To do
Each entry below is to be transcribed exactly; pictures are not copied.
• • • • •
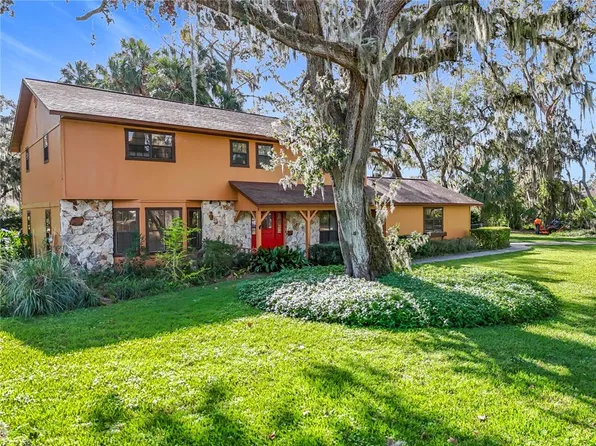 499 Banning Beach Rd, Tavares, FL 32778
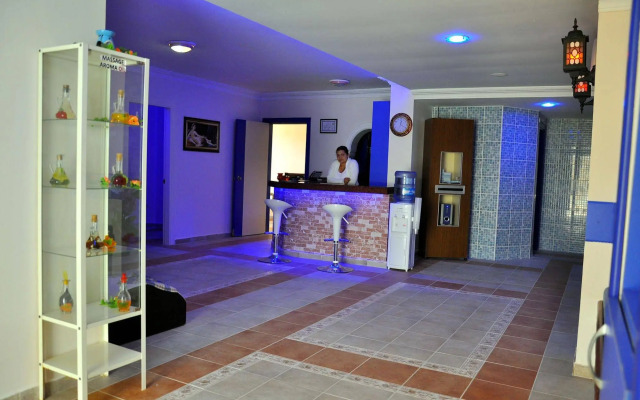 Blue Night Hotel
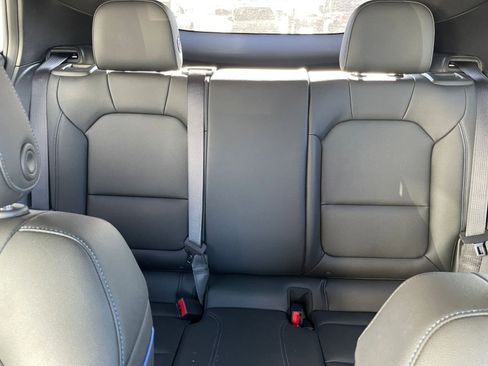 Used 2025 Buick Envista Sport Touring image 36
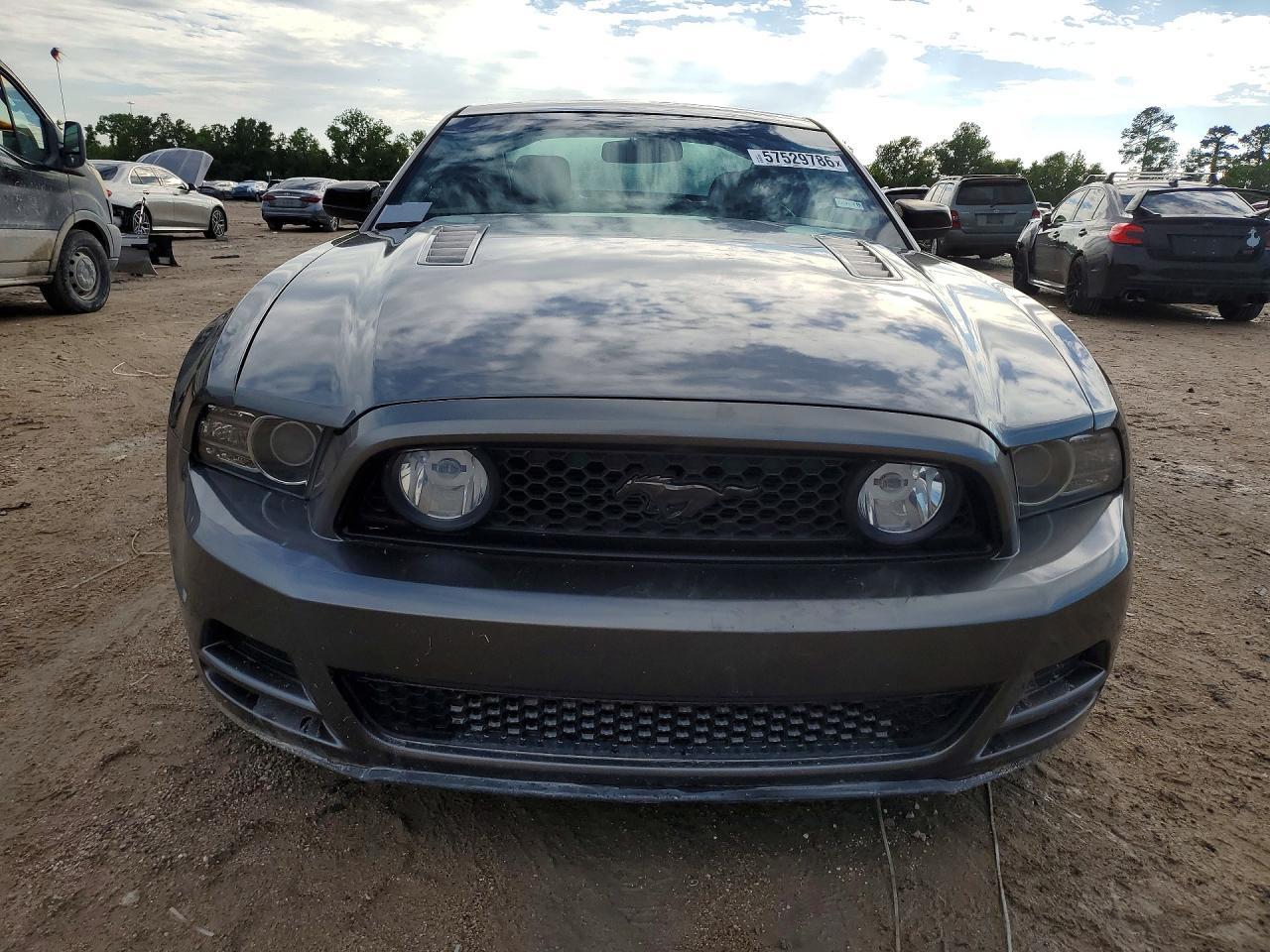 2014 Ford Mustang Gt - Image 5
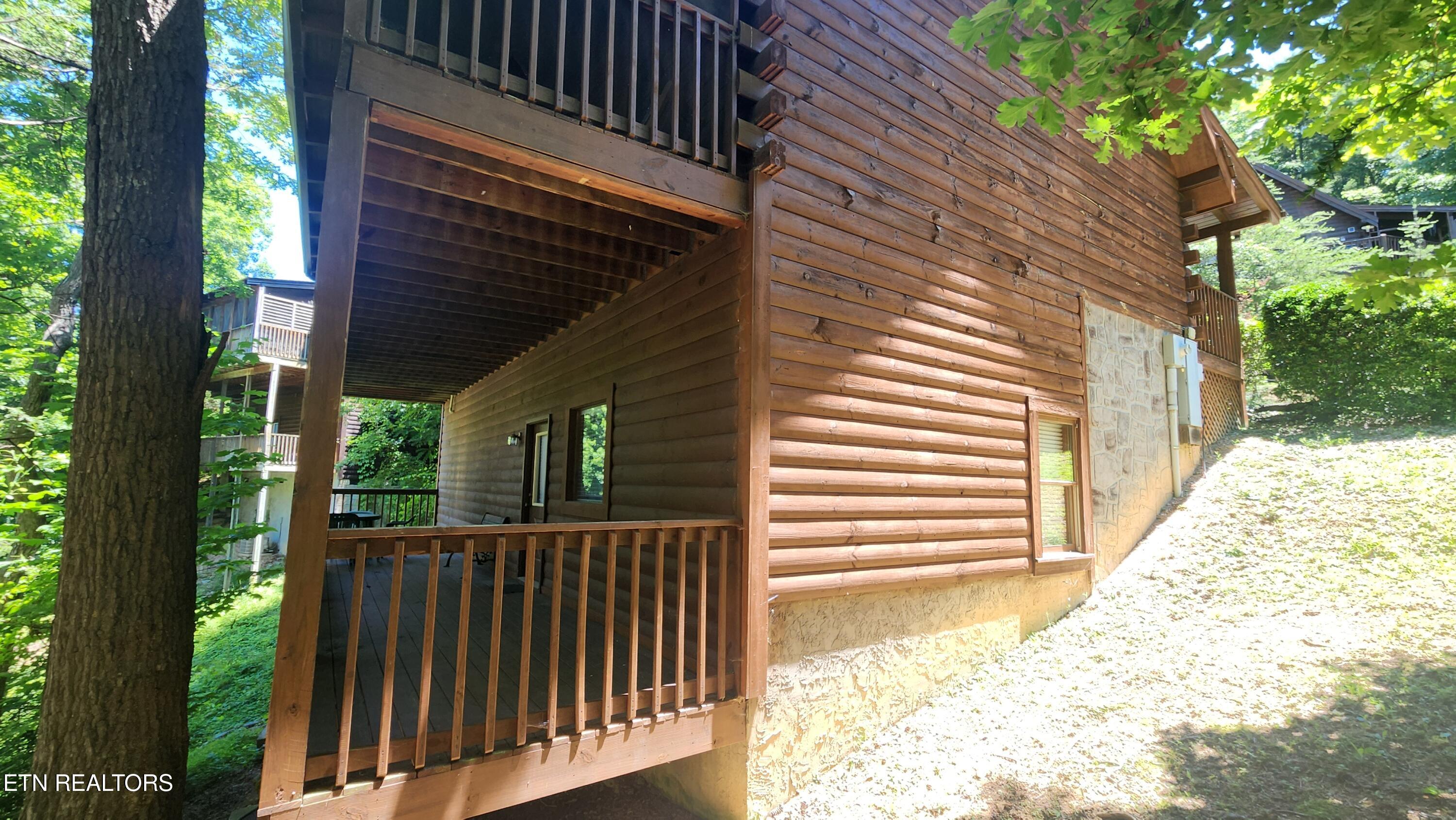713 Golden Eagle Way Pigeon Forge TN 37863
• • • • •
Written answer
 499 Banning Beach Rd, Tavares, FL 32778
 Blue Night Hotel
 Used 2025 Buick Envista Sport Touring image 36
 2014 Ford Mustang Gt - Image 5
713 Golden Eagle Way Pigeon Forge TN 37863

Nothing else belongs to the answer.